Dear all,
We are pleased to invite you to our seminar in Statistics and Data Science on Thursday 7.11
Speaker: Thomas Nagler
Title: The surprising effect of reshuffling the data during hyperparameter tuning
When? Thursday 07.11.2024, 15:15-16:15
Where? Erling Svedrups plass and Zoom: https://uio.zoom.us/j/66903066148?pwd=tZseXpVvMvwbdURnGkYpLqBSWbyaGE.1
Abstract: Tuning parameter selection is crucial for optimizing predictive power of statistical and machine learning models. The standard protocol evaluates various parameter configurations using a resampling estimate of the generalization error to guide optimization and select a final parameter configuration.

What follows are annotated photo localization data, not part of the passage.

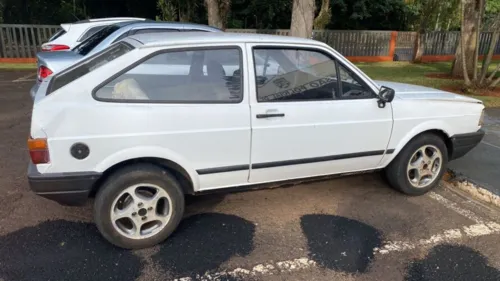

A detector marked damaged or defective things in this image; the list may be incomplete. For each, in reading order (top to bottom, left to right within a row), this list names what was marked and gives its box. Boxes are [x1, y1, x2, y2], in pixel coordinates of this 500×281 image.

cracked asphalt [0, 70, 500, 280]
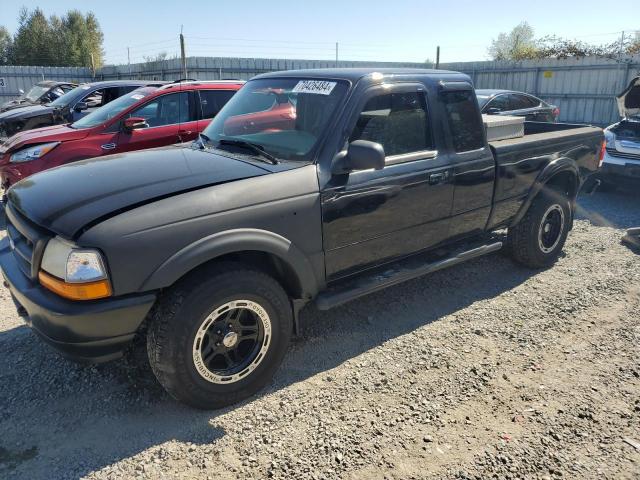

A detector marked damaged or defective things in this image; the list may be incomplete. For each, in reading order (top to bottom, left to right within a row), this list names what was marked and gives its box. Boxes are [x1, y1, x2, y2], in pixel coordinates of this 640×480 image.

damaged vehicle [0, 82, 77, 114]
damaged vehicle [0, 80, 164, 142]
damaged vehicle [600, 76, 640, 190]
damaged vehicle [0, 69, 604, 408]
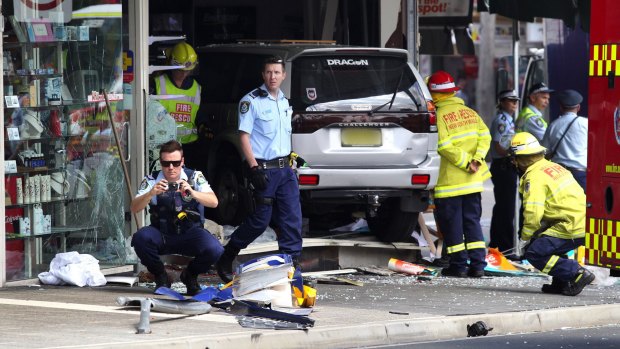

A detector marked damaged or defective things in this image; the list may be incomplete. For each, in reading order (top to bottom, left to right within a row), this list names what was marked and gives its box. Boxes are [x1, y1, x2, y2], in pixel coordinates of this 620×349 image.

broken windscreen glass [292, 54, 426, 111]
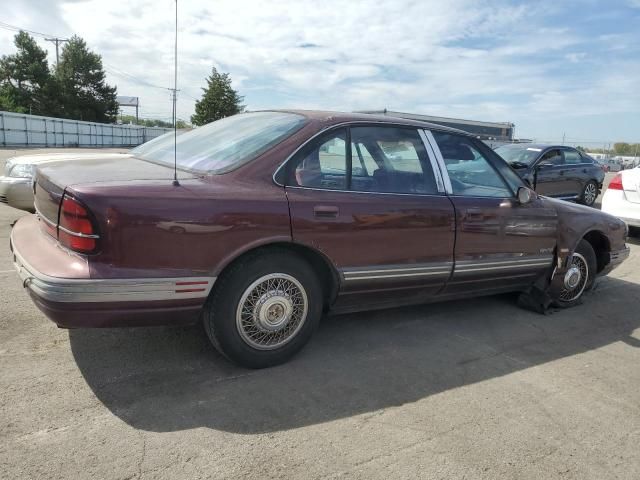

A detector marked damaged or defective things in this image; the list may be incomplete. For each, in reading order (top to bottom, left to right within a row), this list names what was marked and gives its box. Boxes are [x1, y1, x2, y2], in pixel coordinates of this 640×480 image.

cracked asphalt [1, 148, 640, 478]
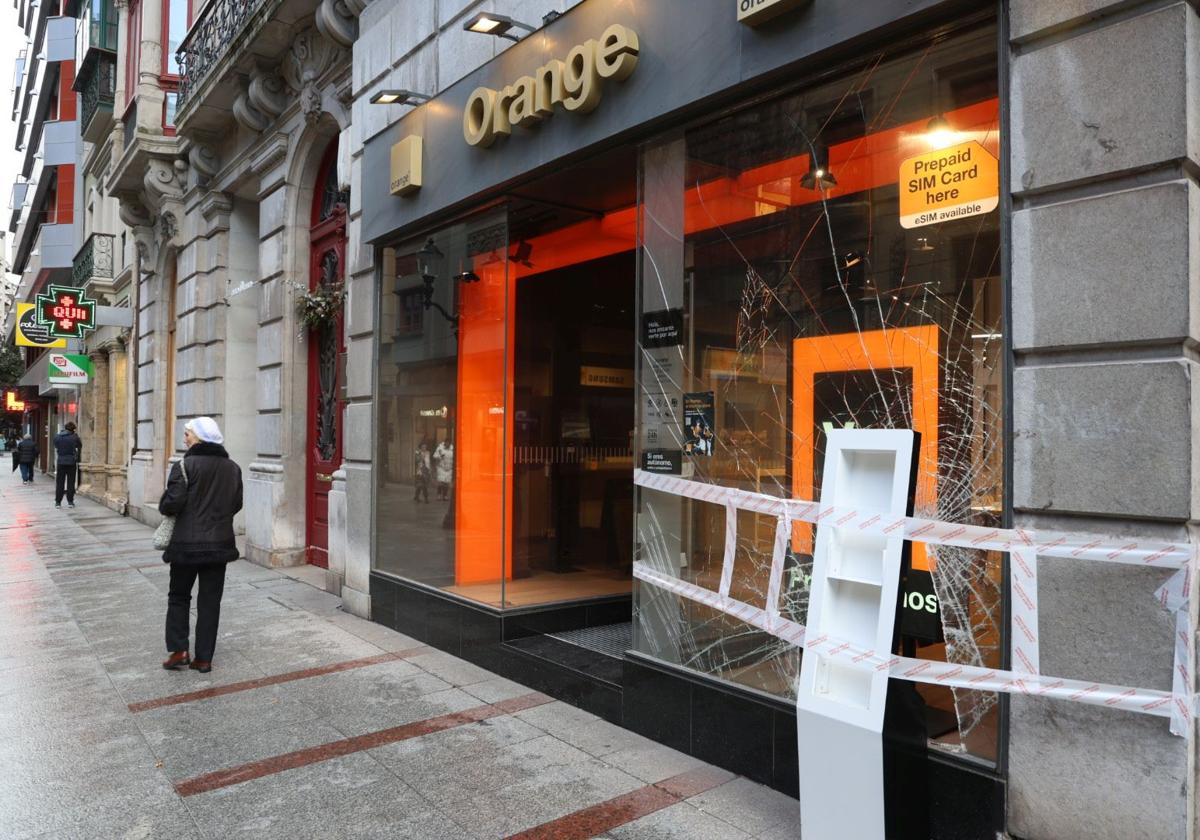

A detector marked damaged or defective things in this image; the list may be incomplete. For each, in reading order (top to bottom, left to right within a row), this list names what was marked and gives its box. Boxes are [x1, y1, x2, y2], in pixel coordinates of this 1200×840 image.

shattered glass window [633, 24, 1008, 763]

Without much evidence, paired resampling splits, i.e., either a fixed train-validation split or a fixed cross-validation scheme, are often recommended. We show that, surprisingly, reshuffling the splits for every configuration often improves the final model's generalization performance on unseen data. Our theoretical analysis explains how reshuffling affects the asymptotic behavior of the validation loss surface and provides a bound on the expected regret in the limiting regime. This bound connects the potential benefits of reshuffling to the signal and noise characteristics of the underlying optimization problem. We confirm our theoretical results in a controlled simulation study and demonstrate the practical usefulness of reshuffling in a large-scale, realistic hyperparameter optimization experiment.
Welcome!
Best regards,
Thordis Linda Thorarinsdottir & Aliaksandr Hubin